* Work request:
Please copy out the entries below exactly, beginning with the line that contains "Thumbnail 1 in" and ending with the line that contains "NAVEE V25i Pro", and include nothing outside that span.

======== Data for analysis

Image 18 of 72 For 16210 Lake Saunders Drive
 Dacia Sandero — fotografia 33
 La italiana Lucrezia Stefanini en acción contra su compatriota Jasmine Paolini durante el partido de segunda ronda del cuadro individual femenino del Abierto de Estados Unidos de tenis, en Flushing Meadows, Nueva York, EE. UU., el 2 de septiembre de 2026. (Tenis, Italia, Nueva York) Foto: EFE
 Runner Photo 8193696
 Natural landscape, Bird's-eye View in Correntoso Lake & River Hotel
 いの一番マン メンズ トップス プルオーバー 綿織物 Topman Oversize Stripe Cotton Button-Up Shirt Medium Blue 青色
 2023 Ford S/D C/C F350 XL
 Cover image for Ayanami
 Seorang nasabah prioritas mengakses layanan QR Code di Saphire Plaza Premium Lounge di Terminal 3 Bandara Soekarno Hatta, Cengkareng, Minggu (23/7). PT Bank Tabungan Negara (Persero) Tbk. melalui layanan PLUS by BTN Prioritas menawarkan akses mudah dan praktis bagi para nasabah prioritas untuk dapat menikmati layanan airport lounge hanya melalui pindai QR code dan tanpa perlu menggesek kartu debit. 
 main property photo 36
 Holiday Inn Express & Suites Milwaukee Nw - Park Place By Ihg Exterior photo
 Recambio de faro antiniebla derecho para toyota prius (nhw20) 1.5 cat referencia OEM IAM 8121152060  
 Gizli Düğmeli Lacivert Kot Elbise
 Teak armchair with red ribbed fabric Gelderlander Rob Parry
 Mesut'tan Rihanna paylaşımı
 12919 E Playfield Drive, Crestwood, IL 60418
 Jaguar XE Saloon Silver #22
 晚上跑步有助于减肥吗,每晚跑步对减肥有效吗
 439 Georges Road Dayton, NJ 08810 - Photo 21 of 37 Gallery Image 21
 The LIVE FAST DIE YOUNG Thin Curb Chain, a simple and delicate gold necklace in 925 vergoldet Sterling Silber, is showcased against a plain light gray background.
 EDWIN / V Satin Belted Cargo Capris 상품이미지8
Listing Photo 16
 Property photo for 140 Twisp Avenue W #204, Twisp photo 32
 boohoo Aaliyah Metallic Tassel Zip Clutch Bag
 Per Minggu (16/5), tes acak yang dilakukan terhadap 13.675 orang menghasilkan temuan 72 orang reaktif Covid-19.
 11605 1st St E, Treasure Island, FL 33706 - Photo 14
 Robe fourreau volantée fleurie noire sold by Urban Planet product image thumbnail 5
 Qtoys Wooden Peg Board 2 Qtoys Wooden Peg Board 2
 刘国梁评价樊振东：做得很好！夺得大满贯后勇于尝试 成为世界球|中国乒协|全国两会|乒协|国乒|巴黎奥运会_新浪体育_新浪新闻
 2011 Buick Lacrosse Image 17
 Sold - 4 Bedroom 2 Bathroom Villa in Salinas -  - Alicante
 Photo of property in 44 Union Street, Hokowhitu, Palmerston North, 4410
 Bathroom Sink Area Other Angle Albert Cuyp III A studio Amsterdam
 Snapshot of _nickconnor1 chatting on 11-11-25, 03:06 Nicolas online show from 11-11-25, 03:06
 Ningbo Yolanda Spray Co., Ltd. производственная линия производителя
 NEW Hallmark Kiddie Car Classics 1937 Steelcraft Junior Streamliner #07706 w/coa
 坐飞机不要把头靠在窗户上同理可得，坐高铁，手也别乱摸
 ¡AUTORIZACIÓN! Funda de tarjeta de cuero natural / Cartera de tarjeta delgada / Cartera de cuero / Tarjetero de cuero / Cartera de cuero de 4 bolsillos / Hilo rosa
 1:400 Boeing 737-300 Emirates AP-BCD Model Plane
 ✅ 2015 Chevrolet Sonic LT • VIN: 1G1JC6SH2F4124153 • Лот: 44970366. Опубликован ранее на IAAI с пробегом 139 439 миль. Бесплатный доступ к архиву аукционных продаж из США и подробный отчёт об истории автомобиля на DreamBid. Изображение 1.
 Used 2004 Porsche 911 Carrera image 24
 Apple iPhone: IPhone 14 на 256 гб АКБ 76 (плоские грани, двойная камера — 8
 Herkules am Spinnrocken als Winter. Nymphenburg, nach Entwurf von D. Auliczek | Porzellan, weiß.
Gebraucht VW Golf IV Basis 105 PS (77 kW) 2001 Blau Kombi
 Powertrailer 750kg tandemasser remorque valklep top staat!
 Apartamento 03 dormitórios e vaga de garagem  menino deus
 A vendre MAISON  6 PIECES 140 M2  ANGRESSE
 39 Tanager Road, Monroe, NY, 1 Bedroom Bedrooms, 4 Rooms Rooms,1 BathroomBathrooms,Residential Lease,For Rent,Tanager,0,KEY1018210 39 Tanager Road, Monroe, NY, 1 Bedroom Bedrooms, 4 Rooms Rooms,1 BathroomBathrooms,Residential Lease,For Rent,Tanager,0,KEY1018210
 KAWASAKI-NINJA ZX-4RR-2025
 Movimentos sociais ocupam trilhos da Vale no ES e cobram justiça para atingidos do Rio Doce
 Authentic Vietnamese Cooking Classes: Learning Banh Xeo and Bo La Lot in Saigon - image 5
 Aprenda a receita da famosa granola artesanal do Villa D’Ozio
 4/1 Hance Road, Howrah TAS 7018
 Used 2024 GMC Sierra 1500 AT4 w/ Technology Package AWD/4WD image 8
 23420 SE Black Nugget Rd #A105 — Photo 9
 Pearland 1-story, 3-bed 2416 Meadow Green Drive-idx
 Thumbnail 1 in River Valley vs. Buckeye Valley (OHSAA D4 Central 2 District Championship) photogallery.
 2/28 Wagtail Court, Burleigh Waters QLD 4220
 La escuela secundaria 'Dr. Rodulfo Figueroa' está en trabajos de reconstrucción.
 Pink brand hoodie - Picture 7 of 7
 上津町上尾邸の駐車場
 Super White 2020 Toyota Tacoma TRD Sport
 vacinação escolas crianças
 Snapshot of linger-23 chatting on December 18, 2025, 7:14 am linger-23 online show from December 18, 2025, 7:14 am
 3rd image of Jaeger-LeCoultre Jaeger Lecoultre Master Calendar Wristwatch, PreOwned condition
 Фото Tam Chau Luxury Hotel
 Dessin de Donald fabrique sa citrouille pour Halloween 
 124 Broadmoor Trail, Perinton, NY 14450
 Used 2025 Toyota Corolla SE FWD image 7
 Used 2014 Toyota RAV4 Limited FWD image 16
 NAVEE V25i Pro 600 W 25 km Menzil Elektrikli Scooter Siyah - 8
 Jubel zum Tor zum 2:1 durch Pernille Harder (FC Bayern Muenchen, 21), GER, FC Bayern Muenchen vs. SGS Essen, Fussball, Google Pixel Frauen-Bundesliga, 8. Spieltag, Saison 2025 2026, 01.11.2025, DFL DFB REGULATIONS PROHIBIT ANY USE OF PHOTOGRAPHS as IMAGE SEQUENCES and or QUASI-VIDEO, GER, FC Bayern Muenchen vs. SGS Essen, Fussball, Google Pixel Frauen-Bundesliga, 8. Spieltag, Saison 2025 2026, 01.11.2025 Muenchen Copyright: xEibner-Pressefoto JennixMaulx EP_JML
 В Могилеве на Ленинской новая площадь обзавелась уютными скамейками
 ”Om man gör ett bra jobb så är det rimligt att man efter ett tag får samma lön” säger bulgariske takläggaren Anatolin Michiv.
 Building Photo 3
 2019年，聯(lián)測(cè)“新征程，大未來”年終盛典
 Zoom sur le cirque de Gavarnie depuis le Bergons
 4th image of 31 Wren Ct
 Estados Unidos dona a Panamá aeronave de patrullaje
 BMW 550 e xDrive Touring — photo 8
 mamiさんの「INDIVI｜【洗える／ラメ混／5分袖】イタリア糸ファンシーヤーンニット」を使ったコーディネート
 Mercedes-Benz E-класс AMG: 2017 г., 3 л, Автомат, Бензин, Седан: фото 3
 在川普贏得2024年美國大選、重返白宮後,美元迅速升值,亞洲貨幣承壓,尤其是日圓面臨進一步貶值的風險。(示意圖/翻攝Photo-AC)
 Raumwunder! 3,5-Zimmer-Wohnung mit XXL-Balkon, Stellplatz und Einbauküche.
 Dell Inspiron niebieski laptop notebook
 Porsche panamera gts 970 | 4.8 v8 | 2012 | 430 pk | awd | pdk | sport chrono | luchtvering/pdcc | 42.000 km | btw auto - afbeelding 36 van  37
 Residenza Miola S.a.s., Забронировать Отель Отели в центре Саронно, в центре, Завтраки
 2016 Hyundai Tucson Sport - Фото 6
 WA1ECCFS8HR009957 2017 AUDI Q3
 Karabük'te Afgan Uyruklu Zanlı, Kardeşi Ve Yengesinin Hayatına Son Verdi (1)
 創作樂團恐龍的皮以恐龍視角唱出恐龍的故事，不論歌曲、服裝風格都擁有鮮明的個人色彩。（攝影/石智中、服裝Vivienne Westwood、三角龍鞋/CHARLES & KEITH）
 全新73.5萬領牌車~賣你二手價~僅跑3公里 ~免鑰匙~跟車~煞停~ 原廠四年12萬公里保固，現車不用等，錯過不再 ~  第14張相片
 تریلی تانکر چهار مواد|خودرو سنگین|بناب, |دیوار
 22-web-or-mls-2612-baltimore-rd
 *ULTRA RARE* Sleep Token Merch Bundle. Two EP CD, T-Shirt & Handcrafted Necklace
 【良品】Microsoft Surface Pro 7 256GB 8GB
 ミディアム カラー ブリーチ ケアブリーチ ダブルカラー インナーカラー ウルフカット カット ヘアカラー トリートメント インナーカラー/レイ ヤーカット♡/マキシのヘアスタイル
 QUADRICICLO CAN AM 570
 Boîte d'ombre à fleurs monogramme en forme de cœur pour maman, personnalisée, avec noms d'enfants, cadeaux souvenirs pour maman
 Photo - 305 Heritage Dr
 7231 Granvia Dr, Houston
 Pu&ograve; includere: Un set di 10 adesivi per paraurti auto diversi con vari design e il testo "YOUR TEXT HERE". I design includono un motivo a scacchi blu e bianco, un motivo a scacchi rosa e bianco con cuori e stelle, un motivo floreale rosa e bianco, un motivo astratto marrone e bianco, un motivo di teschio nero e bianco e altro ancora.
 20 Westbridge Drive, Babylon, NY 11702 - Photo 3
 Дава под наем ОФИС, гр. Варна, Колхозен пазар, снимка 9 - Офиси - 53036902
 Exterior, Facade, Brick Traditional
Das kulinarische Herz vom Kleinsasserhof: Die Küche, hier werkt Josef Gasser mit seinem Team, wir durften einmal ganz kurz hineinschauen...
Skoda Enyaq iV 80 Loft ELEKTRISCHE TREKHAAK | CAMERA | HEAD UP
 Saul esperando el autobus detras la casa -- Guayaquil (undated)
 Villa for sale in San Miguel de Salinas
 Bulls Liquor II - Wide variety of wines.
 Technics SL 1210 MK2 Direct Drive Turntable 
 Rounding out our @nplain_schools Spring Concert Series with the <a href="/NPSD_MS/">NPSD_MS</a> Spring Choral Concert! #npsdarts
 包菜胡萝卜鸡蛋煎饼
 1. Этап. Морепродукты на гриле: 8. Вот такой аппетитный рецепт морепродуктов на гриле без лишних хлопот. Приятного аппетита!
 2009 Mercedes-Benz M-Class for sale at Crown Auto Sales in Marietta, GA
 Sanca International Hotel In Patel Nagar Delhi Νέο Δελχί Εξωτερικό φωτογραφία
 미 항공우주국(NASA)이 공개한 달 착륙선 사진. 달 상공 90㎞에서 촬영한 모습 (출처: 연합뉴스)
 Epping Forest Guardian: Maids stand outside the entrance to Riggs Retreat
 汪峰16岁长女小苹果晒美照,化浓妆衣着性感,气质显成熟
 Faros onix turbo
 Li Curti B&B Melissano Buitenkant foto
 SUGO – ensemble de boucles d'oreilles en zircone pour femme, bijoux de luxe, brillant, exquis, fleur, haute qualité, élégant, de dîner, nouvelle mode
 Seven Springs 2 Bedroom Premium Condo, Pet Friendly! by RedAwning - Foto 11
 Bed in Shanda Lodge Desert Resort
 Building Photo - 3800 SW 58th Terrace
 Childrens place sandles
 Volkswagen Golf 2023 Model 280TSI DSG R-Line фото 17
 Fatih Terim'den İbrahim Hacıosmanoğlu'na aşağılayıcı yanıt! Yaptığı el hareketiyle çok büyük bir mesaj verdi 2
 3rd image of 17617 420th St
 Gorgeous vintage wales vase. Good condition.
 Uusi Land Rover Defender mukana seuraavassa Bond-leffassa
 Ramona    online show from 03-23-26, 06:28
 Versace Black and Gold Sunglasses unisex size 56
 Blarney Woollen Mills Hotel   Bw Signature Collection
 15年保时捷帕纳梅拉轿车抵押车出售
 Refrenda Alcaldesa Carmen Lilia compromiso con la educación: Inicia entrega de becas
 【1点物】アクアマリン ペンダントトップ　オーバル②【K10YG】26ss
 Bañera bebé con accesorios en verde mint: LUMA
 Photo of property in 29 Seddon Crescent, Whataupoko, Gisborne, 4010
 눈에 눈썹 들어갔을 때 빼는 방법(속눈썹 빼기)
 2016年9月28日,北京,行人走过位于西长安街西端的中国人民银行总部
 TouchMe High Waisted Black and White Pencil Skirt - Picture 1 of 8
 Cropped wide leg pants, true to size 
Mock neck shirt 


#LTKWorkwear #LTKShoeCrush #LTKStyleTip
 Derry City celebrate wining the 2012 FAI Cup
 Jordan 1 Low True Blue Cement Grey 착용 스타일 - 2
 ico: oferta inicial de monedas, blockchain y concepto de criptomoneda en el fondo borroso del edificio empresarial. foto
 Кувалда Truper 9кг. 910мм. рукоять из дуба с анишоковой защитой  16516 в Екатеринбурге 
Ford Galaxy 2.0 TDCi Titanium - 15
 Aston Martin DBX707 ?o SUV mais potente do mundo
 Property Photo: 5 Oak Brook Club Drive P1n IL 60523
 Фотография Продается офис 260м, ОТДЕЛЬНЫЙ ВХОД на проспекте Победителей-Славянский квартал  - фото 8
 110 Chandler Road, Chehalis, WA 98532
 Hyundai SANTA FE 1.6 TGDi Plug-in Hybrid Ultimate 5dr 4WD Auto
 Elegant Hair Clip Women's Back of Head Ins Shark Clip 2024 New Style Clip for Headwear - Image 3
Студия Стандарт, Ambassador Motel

================

* Result of this exercise:
 Thumbnail 1 in River Valley vs. Buckeye Valley (OHSAA D4 Central 2 District Championship) photogallery.
 2/28 Wagtail Court, Burleigh Waters QLD 4220
 La escuela secundaria 'Dr. Rodulfo Figueroa' está en trabajos de reconstrucción.
 Pink brand hoodie - Picture 7 of 7
 上津町上尾邸の駐車場
 Super White 2020 Toyota Tacoma TRD Sport
 vacinação escolas crianças
 Snapshot of linger-23 chatting on December 18, 2025, 7:14 am linger-23 online show from December 18, 2025, 7:14 am
 3rd image of Jaeger-LeCoultre Jaeger Lecoultre Master Calendar Wristwatch, PreOwned condition
 Фото Tam Chau Luxury Hotel
 Dessin de Donald fabrique sa citrouille pour Halloween 
 124 Broadmoor Trail, Perinton, NY 14450
 Used 2025 Toyota Corolla SE FWD image 7
 Used 2014 Toyota RAV4 Limited FWD image 16
 NAVEE V25i Pro 600 W 25 km Menzil Elektrikli Scooter Siyah - 8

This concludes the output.